[[ WORKING DATA, beginning ]]

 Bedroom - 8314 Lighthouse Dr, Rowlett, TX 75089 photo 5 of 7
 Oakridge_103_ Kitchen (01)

[[ WORKING DATA, end ]]
[[ WORKING DATA, beginning ]]

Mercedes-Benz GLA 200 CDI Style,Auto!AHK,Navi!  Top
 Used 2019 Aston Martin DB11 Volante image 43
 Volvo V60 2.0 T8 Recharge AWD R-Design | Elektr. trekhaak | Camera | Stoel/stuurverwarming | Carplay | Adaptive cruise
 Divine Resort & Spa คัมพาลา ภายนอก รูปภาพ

[[ WORKING DATA, end ]]

### EXERCISE
The range runs from the line with "Mercedes-Benz GLA 200" up to and including the line with "Divine Resort & Spa คัมพาลา ภายนอก รูปภาพ" in the listing above; please write out exactly those lines and nothing more.

### RESULT BELOW
Mercedes-Benz GLA 200 CDI Style,Auto!AHK,Navi!  Top
 Used 2019 Aston Martin DB11 Volante image 43
 Volvo V60 2.0 T8 Recharge AWD R-Design | Elektr. trekhaak | Camera | Stoel/stuurverwarming | Carplay | Adaptive cruise
 Divine Resort & Spa คัมพาลา ภายนอก รูปภาพ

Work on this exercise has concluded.